One exasperated teacher observed that the pair had a lot of growing up to do. After the break they were separated to other sides of the room and there was a measure of calm.

And the previous week, Minister of Agriculture Satyadeow Sawh became a cow for a day as part of World Drink Milk Day. Actually, he played the front part and his permanent secretary the back of a pantomime suit. "Chewy," was Sawh's only comment with a mouthful of fresh grass. His secretary was stretchered away after undergoing a harrowing experience with a milking machine.

One in the eye for Dabydeen

Guyanese poet Cyril Dabydeen has come in for some tough criticism for his latest collection of works entitled "Hemisphere of Love."

Writing in the Globe and Mail, the critic with the everyday name of Sonnet L'abbe is not very nice in her review, she calls 'Post-colonial Disappointments":

"I was first introduced to the work of veteran Canadian poets Rienzi Crusz and Cyril Dabydeen in a university course on post-colonialist literature. Both born in tropical countries (Crusz in Sri Lanka, Dabydeen in Guyana), these two writers are known in academic circles for articulating their uneasy claim to Canadian identity.

"I was excited to have the chance to review Crusz's and Dabydeen's latest works for a nationwide readership. How disappointed I was, then, to find that of the 100 or so poetry collections I've read over the past year, these two ranked among the worst...

"At least Cyril Dabydeen is aware of himself as a darling of post-colonial theorists who don't necessarily care about the quality of his writing, as long as he keeps producing quotable quotes on a fraught Canadian identity. "Let literary theorists have their say . . . I aim only for the perfect line," he writes in his ninth collection, "Hemisphere of Love." Dabydeen's idea of poetic perfection must not include coherence, grammatical correctness, or consistent tense. Here is the opening of Upper Canada Village:

"Nothing takes us by surprise but a time of long ago transplanted to Morrisberg as I view history with a cannon here at my young daughter's side.
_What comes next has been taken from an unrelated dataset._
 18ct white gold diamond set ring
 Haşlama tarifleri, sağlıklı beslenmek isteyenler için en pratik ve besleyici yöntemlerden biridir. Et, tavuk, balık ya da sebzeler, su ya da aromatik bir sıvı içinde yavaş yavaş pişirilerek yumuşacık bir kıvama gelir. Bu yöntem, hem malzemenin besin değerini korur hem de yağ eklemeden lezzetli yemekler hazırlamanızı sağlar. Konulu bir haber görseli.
"She holds her own against enemies across the river or lake; and a train comes along without fanfare while I try to understand history more than Upper Canada Village."

How did the cannon like the view? How well does Upper Canada Village understand history? Most of these poems read like undergraduate essays that attempt to discuss complexities beyond the writer's power of articulation. Dabydeen is definitely giving a lot of thought to the Canadian landscape and his place within it, but only a few of the poems speak of his experience with the focus and clarity one would expect from any other poet being published in a small Canadian press today...

Let's hope it was the writers' academic marketability, and not just their visible-minority status, that got these collections published, because as far as improving the mainstream reputation of "multicultural" writers, these books aren't going to help."

Ouch...But at least the writing is original unlike the story plagiarised by the student.

Two Sharmaisms

"How many boy son you got?"

"Everyone pay your water bill before you get your lights cut off."

Question of the Week

Which sick mind at the unmentionable rag decided to publish a photograph of a foetus?

Tip on how to get into Bourda without paying

Have your friend go in first, get his 'return' tag, let him put it in a plastic bottle and then throw it over the fence.